3.3. Scenario 3—CHP, TES, BESS and AD Optimal Design
In CHP applications, ES technologies can help to increase the flexibility of the energy system, allowing for a greater match between electric and thermal demands. As a result, the integration of TES and a BESS positively affects the performance under several perspectives (
Figure 4). In particular, it allows:
The extension of the maximum benefits achievable (up to 42% and 22%, respectively, for costs and emissions reductions);
The reduction in the carbon emissions at a given economic target.
Table 4 reports on the optimal design solution for different weighting factors. It can be observed that TES favors the most economically convenient solutions, extending the limits of the maximum size of the CHP plant. BESS instead plays a crucial role towards the reduction in the CO
2 emissions since it allows for achieving high PES values also at a smaller CHP size.
4. Discussion of the Results
Further analysis has been carried out on the balanced design solutions (αeco = αenv = 0.5) to thoroughly understand the differences among the performances of the scenarios.
First, the hospital energy system performances obtained using the clustered and the real data are compared in order to assess the robustness of the proposed approach.
Figure 6 and
Figure 7 show the total annual costs and the CO
2 emissions per bed for all the simulated scenarios evaluated using either the real or the clustered load data. Results are always close each other (max deviation of about 2%), confirming that the synthesized load is representative of the dynamic behavior of the hospital electric and thermal demands. Moreover, the analysis offers significant benchmark parameters. In particular, it can be observed that the energy cost per bed in a standard configuration (CASE 0) is slightly below kEUR 12, and that the CHP unit can allow, if properly designed, to reduce this value up to a minimum of about 7 kEUR. The introduction of the AD and ESs leads to a slight increase in the total energy cost per bed (5.07% and 8.94%, respectively, for Scenario 2 and 3). However, the cost increase is counterbalanced by the reduction in the CO
2 emissions that decrease by about 7.62% and 10.82% with respect to Scenario 1, respectively, for Scenarios 2 and 3.
A further discussion can be made observing the fraction of fossil primary energy consumption (FPEC) required to supply the energy consuming technologies (
Figure 8).
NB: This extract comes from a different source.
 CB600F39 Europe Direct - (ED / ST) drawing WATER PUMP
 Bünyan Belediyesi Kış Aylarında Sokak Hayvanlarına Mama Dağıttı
It can be, in fact, observed that moving towards more complex systems, the fraction of energy consumed at the boiler is significantly reduced (from 38 to about 15%). On the other hand, due to the increased CHP size, the percentage of FPEC is increased. The AD integration, as well as the integration of the ES technologies, leads to a general reduction in the overall FPEC (from 99 GWh to 91 and 88 GWh). The influence of the CHP on the FPEC is slightly decreased and it is compensated by a soft increase in either the boiler or the grid fractions. It is worth noting that for this calculation an efficiency of 47.6% for the grid is used as reported in [
41].
Recent energy crises have made the resilience to energy sources market fluctuations crucial while evaluating the performance of an energy system. For this reason, a sensitivity analysis to the electricity and methane prices is performed.
As reported in
Figure 9, all the configurations of the CHP powerplant perform better if compared with the reference case in response to changes in electricity price. Moreover, due the high size of the CHP plant, the energy system presents high sensitivity to the natural gas price (
Figure 10). Due to the high cost of transportation of SCG, the natural gas savings by the AD has a marginal effect from the economic point of view. However, in
Figure 10 it can be appreciated how the increase in the complexity of the energy system also increases its resilience to natural gas price fluctuations.